Closeup of colorful trunk of tree
Beautiful colors of a tree’s bark.

During my 20s and 30s, I went through self-help, self-development books like candies in a sweet shop. I prayed, read mantras, did guided meditations, had gratitude journals and basically tried to be a more forgiving and enlightened person. But during my really hard days of being a Waldorf teacher, I made the mistake of writing a gratitude journal to counteract the hell I was living through.

It was a kind of denial, really. I mean, yes, I knew there were things I needed to address and even accept, but I foolishly thought if I focused on the positive, then things would get better. I’d have a better attitude. I’d be doing the work. But I stopped writing, I had stopped pouring myself on paper and my gratitude list was just another way of living in dysfunction. It had become the equivalent of writing “I’m happy” over and over again – when I was clearly not happy.

So, I’m a bit cautious of these kinds of things now. Being grateful is easy, especially if you’ve been massaging the message for as long as I have. But feeling the punch behind those words, well, that’s a whole other thing entirely.

I have to confess Cambodia is not an easy place for me to live especially after the ease, convenience and years of living in Thailand. There are regular and frequent power outages here.

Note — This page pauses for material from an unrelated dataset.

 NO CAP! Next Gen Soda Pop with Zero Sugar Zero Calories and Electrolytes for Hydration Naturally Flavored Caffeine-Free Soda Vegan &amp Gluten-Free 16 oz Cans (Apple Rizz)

I know this is something that other places struggle with, my Nepalese American friend said power outages in Katmandu were every day at scheduled times. But in Siem Reap, we are often caught off guard, left literally in the dark wondering how long this one will be.

Expats joke about tubs of ice cream melting, food spoiling and of course, we complain about the insufferable heat when you can even turn on a fan to cut through the humidity. We’ve had 100+ degree days and we’re in the middle of a horrible drought. Folks in the countryside are without water and the expat community has been rallying water trucks and donations to get water to them. Now there is talk about rotating scheduled water cuts in the city.

Blogger Jenni in Chiang Mai recently posted on FB that she feels like she is at ground zero for climate change and I have to agree. All we’ve been experiencing seems apocalyptic. So if I haven’t been online then you now know it’s because of the power cuts and/or the fickle Internet. It’s been hard to be grateful these days and I don’t feel any better knowing that I’m experiencing what many around the world endure silently. Privilege is so relative.

I’ve been on a complaining campaign lately and I don’t like myself when I feel like there is nothing I can do, but wait and endure. I’ve also been getting sick a lot, leading up to my last one that was particularly lasting and horrible. Yeah, so, let’s just say it’s been as challenging as peeling off wet jeans, giving a presentation, and heading to the gym, to be positive, grateful and pleasant behind closed doors.

I didn’t want to do another gratitude list. Although, I do write down something awesome that happened yesterday in my journal (Thanks Tim Ferriss!) everyday. It takes no time and has easily become part of the morning routine.

Then while I was doing my pathetic yoga stretches, I remembered seeing my friends posting their gratitude posts on FB and thought, hey that might be a nice idea for Instagram. It’s not part of the New Year resolutions rush, the holidays, and life is challenging enough where I’ll need to dig in.

I think remembering to be grateful helps you to be in the moment and appreciate what you have. This is especially important in a consumer world and where it is so easy to compare ourselves to other people through the Internet. But honestly, I’m just going to give this a go and see where it takes me. I’ve felt gratitude on an intellectual level, maybe even on a spiritual one, but I’d like to experience it on an emotional level, too.

I mean, can you imagine if you wrote down something shitty that had happened to you for 365 days, how you would feel by the end of that project?

So, everyday (at least I’ll try) I’m going to post a photo with #365grateful in an attempt to honor friends who didn’t make it to see another birthday and in my endeavor to restore balance in my life.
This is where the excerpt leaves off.